There was a recent article regarding TPG, and an excess charge. The deal sounded, to me, to be too good to be true,  and guess what? it was. I have spoken to Telstra when i have a problem, and they have sorted it out for me. I am upfront when I explain that payday is next week, and they have waived the admin fee for me. the datapack plan I am on is tailored for an iphone, my voice calls are set up to minimise costs, my home phone, my internet and mobile are all bundled….

This seems to be the same with the ICT industry, but it is far, far worse. A new player comes into the market, and starts making noise. They usually come from Sydney, and they approach the Canberra market as if they are back in Sydney – customer service isn’t the main focus, they try to buy the business. This is usually the case when they aren’t employing locals, and the rot sets in straight away. They gain business, new clients leaping on board, and they run their pricing really, really low. This goes on for a while, till Sydney Head office says “why are you running so low on margins?” and then the new player finds that, as they raise their prices, the clients start jumping back to the old resellers – and the old resellers can afford to cut their margins slightly, but not so they cut their own throats…
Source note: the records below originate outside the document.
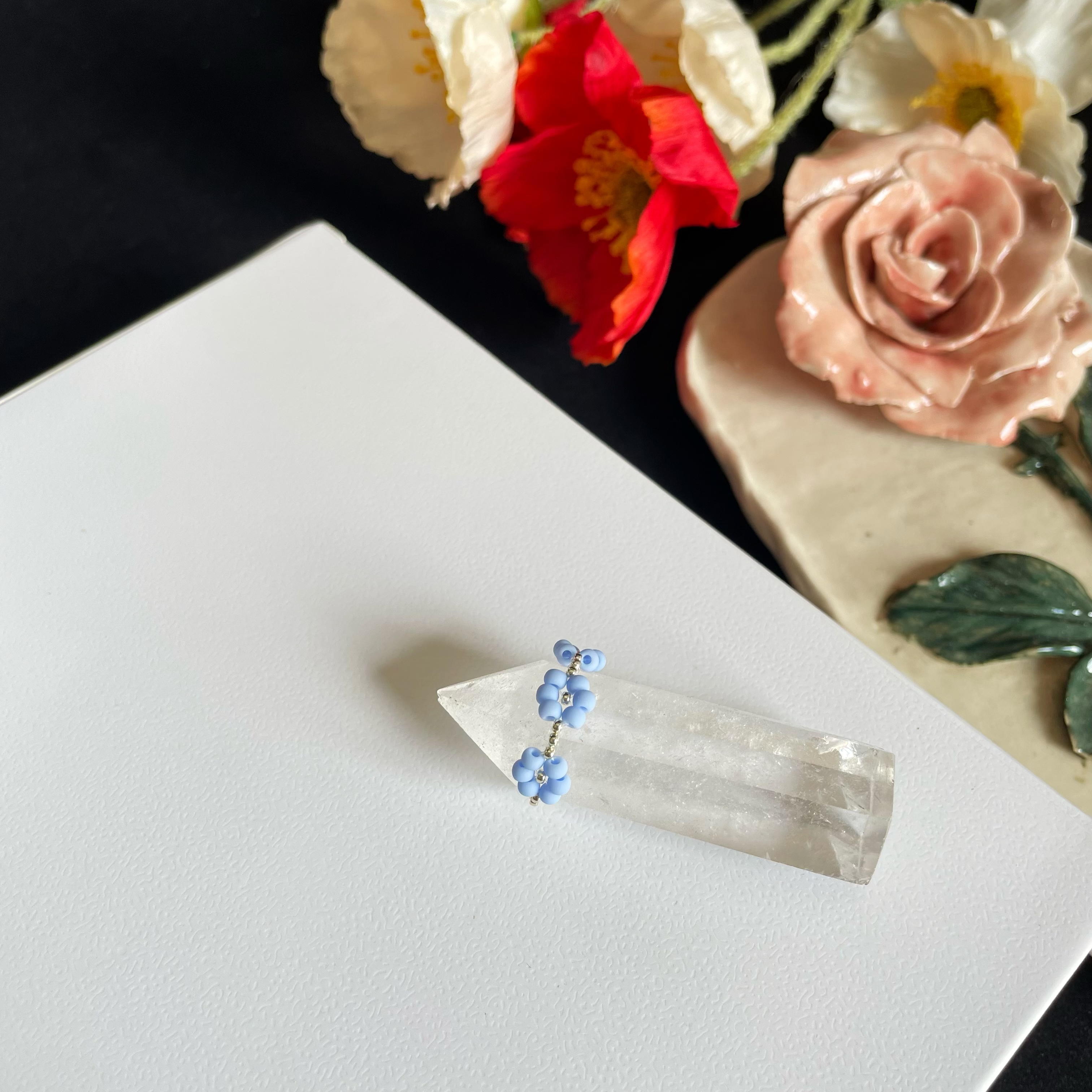 Creamy Blue Beaded Flower Ring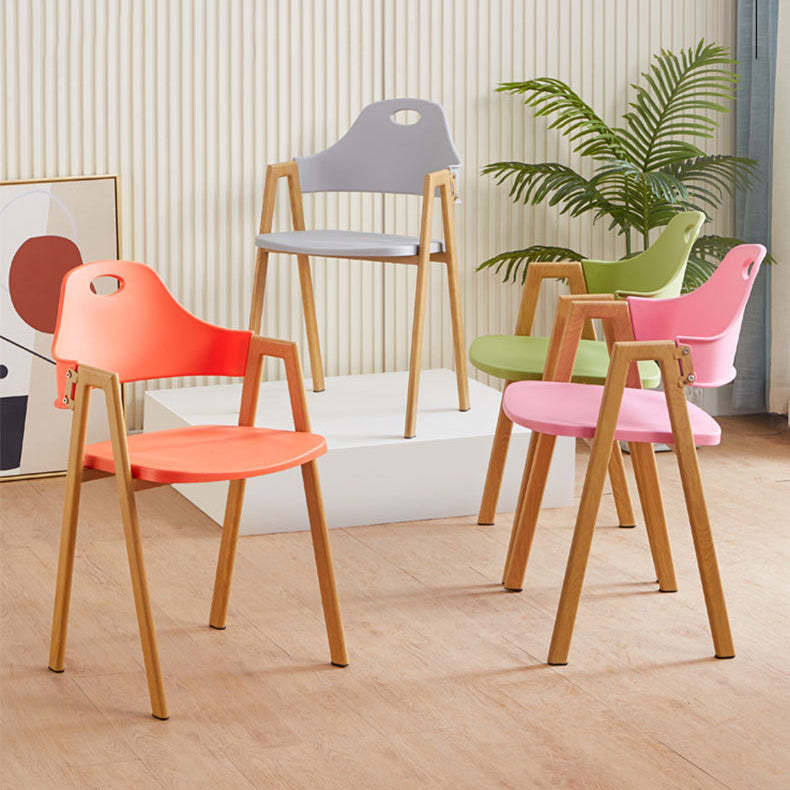 Scandinavian Plastic Wood Oval Dining Chair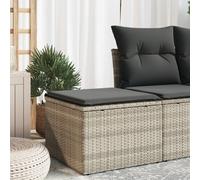 Tabouret de Jardin Coussin, Siège avec Housse, Meuble de Terrasse Patio Balcon Extérieur, Gris Clair 55x55x37cm 366181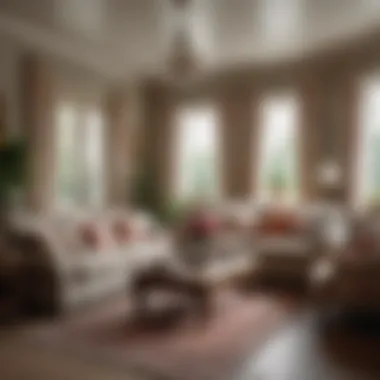Elegant country cottage decor with floral patterns and soft textiles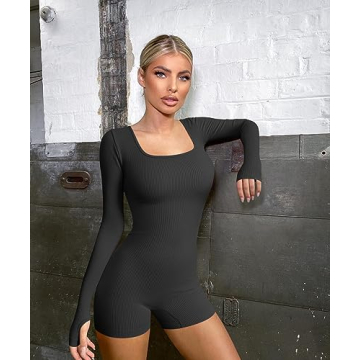 TOB Women's Stylish Ribbed Yoga Rompers for All Occasions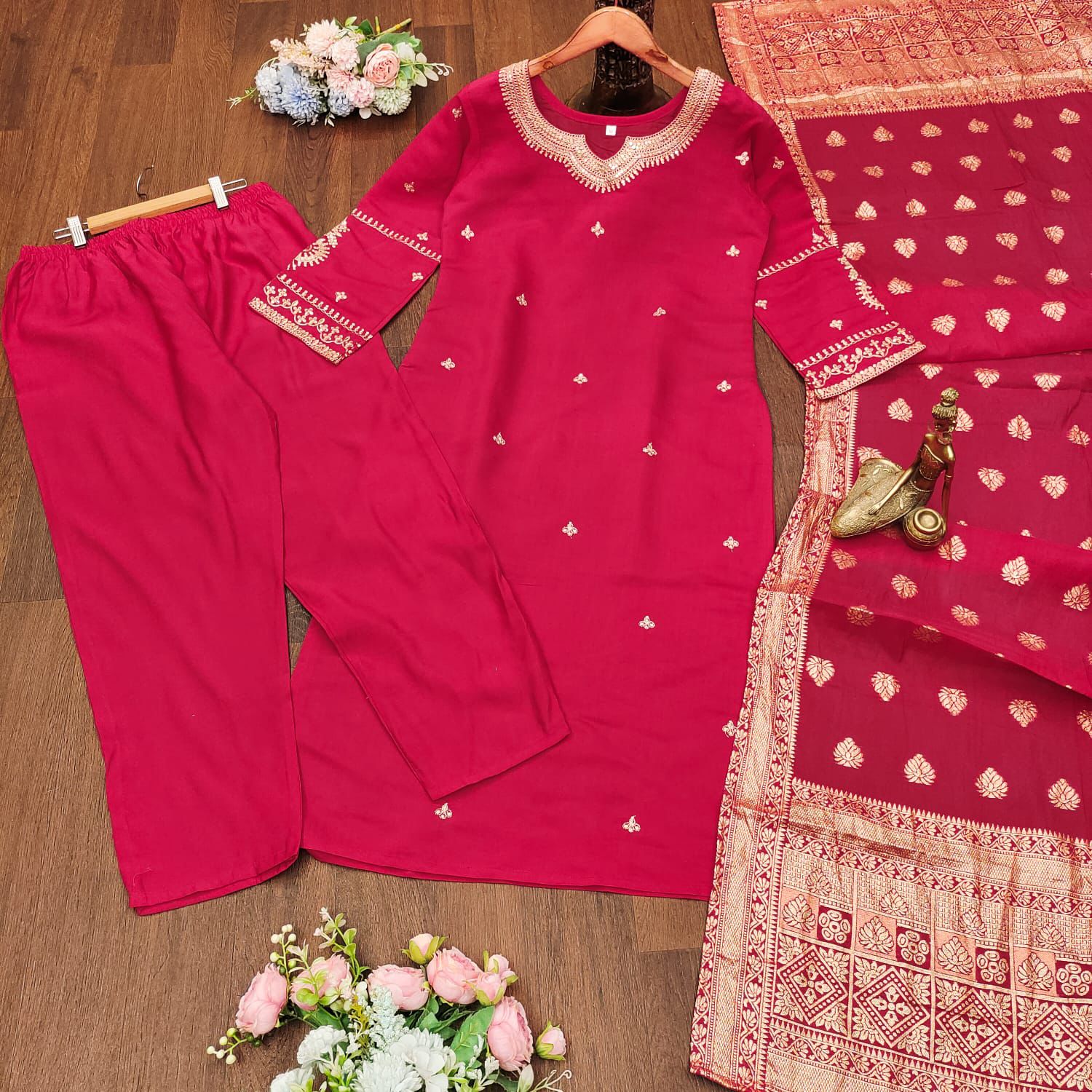 krisvi wardrobe silk suit red color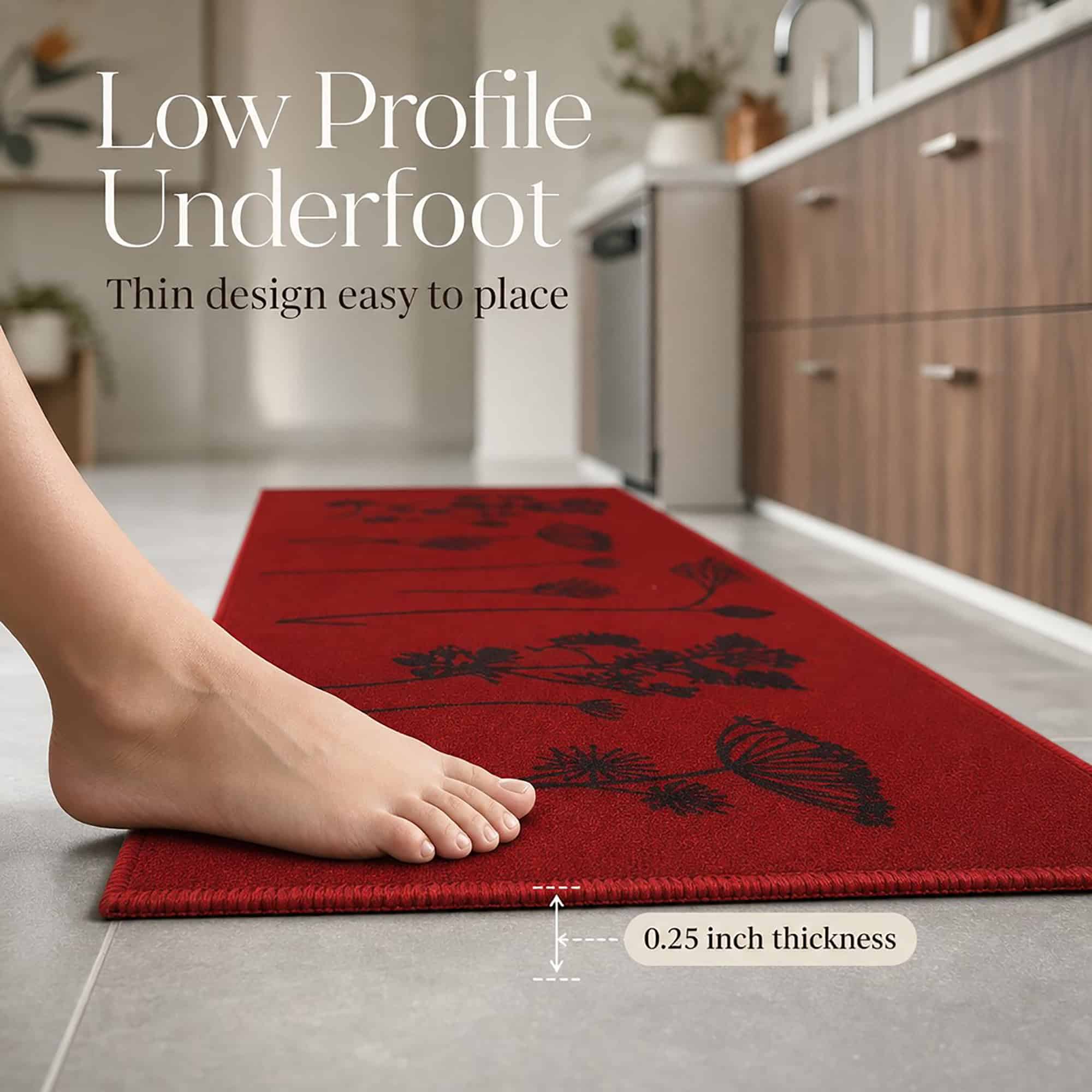 evideco-tapis-cuisine-rouge-noir-fleurs-120x50-antid-rapant image 2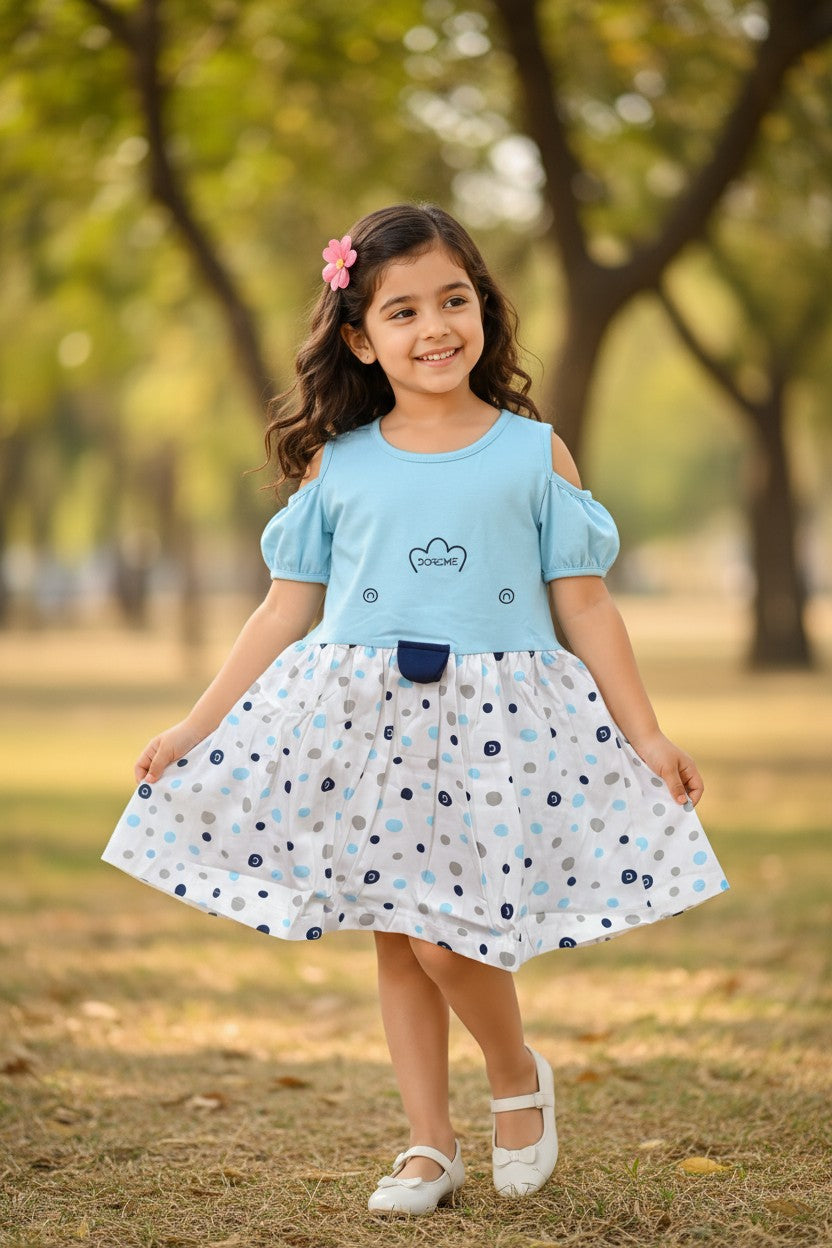 Doreme Infant Girls Duck Polka Dot Dress Blue - 20526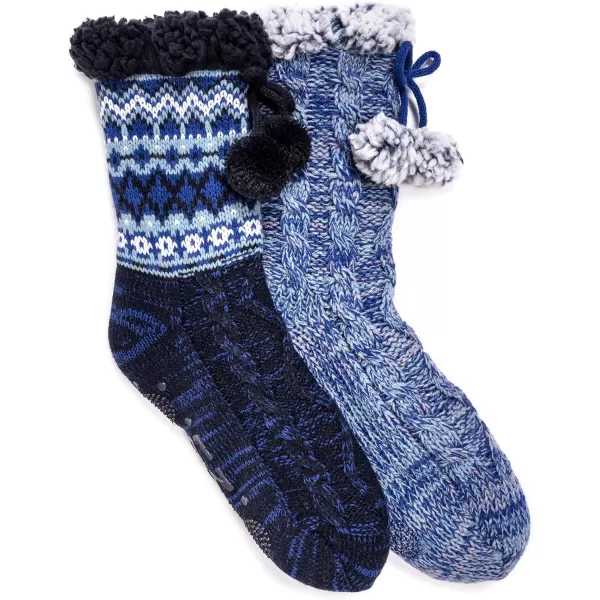 MUK LUKS womens Womens 2pair Tall Pom Cabin SocksBlueTeal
Many clients give up on jumping between resellers. They stop looking at price as the main focus and concentrate on the important things – service, support, advice, and they stay where they are. So what does this do to the market? it stagnates. Resellers spend all their time fighting the price war, and lose the value add business. They don’t have any differentiation from the incumbent, they cannot hope to win the business without dropping profit.

There is a vicious cycle, and the only winner is the end user. Companies fold, leave and don’t come back. And the remaining resellers have to scrape to survive. If the focus is shifted from price to value, then the resellers can concentrate on doing their best for the clients, and the industry gets a chance to expand and breathe.